Chose terrible et absurde ce matin. Accompagnés de deux députés, nous manifestions avec les collègues devant le siège de la DSDEN pour réclamer « des heures et l’argent des heures ». Au milieu du show, une dame est venue : « y a-t-il un médecin parmi vous ? » Dans l’enfilade, à cinquante mètres, un homme d’une quarantaine d’années faisait un malaise, allongé derrière une voiture. L. et A. se sont précipités pour lui porter les premiers secours, tandis que les huiles du rectorat, les députés et nous autres profs continuions le petit théâtre. Ensuite, le coeur de l’homme s’est brutalement arrêté ; les collègues, terrifiés, ont commencé le massage cardiaque. Du côté du théâtre, chacun regardait en coin ce qui se passait un peu plus loin. On parlait des heures manquantes, de la DHG irréaliste, mais un homme était en train de mourir juste à côté.

Ce n’est même pas que cette parodie de débat était dérisoire (elle l’était, pourtant). Le plus étrange, c’est que – moi le premier – nous hésitions. Nous étions face aux huiles avec nos slogans débiles, mais nous nous concentrions sur nos collègues qui prodiguaient le massage. On faisait semblant de parler et les huiles faisaient semblant de nous écouter. L’entre-deux cognitif était si fort, si dérangeant que j’ai fini par lâcher prise, comme tout le monde je crois : l’homme qui mourrait ne mourrait pas vraiment et nos problèmes professionnels pareils. Ce n’était que quarante poupées sans articulations sur les trottoirs de la rue et plus personne n’était plus rien.


Oraux du brevet. Vacuité de l’épreuve qui pousse les élèves vers le néant de la pensée. Présenter un « parcours avenir », le problématiser (sic), annoncer un plan (re-sic), et conclure (re-re-sic).

Petits moments tout de même : un élève faisant une brillante démonstration de beatboxing ; un autre, fuyant ces putains de parcours avenir, présente Tom Sawyer, son livre d’enfance, le seul qu’il ait jamais lu. Ce qu’il dit du livre, la description de ce que le livre a modifié en lui, les marques qu’il a creusées dans sa tête, ça vaut dix fois mieux que ce qu’on dira jamais d’un livre en classe de français.
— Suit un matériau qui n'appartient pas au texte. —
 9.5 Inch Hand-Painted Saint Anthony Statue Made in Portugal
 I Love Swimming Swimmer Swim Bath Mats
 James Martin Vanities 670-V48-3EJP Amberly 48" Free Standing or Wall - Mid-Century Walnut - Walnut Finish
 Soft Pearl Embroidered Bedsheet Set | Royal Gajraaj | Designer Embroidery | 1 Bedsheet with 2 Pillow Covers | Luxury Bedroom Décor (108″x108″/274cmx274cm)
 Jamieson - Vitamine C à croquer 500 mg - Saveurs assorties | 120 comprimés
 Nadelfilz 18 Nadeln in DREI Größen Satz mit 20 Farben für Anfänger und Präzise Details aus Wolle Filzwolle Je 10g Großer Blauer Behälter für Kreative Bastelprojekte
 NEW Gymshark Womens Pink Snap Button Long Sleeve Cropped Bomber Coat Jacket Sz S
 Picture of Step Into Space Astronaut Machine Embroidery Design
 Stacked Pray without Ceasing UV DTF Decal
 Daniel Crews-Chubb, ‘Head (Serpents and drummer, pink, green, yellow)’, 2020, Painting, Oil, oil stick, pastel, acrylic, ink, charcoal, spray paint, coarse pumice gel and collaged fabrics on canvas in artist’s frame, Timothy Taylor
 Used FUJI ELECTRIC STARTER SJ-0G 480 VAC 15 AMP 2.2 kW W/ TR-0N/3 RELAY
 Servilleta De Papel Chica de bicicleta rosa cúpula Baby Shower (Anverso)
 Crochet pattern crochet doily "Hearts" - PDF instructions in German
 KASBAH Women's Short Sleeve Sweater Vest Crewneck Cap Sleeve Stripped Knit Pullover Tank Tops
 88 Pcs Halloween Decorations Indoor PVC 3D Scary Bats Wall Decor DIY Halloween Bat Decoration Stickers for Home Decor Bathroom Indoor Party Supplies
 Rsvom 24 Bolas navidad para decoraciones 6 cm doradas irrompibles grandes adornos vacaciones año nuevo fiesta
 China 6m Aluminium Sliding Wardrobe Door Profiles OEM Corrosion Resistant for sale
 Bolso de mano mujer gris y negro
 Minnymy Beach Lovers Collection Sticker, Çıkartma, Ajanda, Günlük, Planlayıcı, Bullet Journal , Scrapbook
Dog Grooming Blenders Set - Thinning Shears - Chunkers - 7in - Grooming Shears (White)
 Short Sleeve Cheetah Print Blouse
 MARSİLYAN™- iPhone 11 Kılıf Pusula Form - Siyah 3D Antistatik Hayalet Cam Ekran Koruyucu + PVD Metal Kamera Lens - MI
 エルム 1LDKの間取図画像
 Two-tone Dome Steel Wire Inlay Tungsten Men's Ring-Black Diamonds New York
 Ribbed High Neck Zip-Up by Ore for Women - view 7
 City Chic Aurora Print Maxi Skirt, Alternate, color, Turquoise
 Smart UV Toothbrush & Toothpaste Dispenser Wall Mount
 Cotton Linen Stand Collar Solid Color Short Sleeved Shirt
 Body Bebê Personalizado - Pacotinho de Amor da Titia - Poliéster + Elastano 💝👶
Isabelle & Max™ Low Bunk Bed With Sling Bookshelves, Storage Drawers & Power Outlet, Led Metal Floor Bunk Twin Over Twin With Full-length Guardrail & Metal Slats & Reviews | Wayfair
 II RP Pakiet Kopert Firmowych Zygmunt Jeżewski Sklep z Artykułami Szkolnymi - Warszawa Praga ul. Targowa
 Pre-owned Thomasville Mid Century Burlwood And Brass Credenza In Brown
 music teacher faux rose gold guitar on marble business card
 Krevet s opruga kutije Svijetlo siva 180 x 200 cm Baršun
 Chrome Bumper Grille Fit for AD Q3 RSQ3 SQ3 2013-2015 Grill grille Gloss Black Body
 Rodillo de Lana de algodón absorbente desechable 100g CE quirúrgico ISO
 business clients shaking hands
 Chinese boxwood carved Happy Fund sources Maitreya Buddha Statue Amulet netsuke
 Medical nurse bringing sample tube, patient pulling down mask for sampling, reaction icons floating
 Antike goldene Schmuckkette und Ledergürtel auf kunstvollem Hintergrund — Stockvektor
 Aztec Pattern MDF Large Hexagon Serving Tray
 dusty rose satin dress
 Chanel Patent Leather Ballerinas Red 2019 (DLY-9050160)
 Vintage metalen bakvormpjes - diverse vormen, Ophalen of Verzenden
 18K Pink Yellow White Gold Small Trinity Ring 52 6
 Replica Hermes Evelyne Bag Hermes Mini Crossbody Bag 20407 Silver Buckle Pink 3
Journée pleine, déménagement approche, rien à dire. La normalité de l’existence, justement dans ses moments les moins routiniers, s’enroule autour de moi comme du papier tue-mouches. Un type qui déménage, s’embourgeoise – tentation de jeter un oeil par-dessus l’épaule pour compter les accomplis.

Crépuscule, de Casséus – programme des livres achetés et lus au hasard. Je crois que le livre n’a globalement rien à dire, mais certaines images, particulièrement incisives, demeurent en tête et sauvent l’ensemble. Peut-être qu’on peut faire tenir tout un bouquin avec quatre ou cinq très bonnes images seulement.


Seize cartons entassés sur deux colonnes montant jusqu’au plafond. Tout ce que je possède, livre, bouffe, fringues, alcools, tient dans seize cartons. Est-ce que c’est beaucoup, est-ce que c’est peu, est-ce que c’est normal ?

Comme si quelqu’un d’autre dans le cockpit avait pris le contrôle de l’appareil.


Une éternité que je n’ai pas tenu ou publié le journal. Je l’avais égaré et me servais de ce prétexte pour ne pas écrire.

Avons déménagé. Comment dire, en termes exacts, que le lieu où je suis est hybride – entre le chaud et les bruits de la rue – qu’on ouvre les fenêtres ! – tout est étranger encore – je suis où maintenant ?

Soirée de lancement des Reptiles de Guillaume Marie et de l’All inclusive de Rim Battal (sacrée meuf). Fin de soirée après quelques pintes : guilleret, moral gonflé à bloc. Ce sont ceux-là, les gens qui blaguent, picolent sur les textes, les lisent à tour de rôle dans le canapé d’une sorte de drugstore, ceux qui savent qu’en général c’est très chiant – ce sont ceux-là qui m’intéressent.

Dire aussi que C. est une connasse et qu’elle pourrait bien être ma Manie Dudu.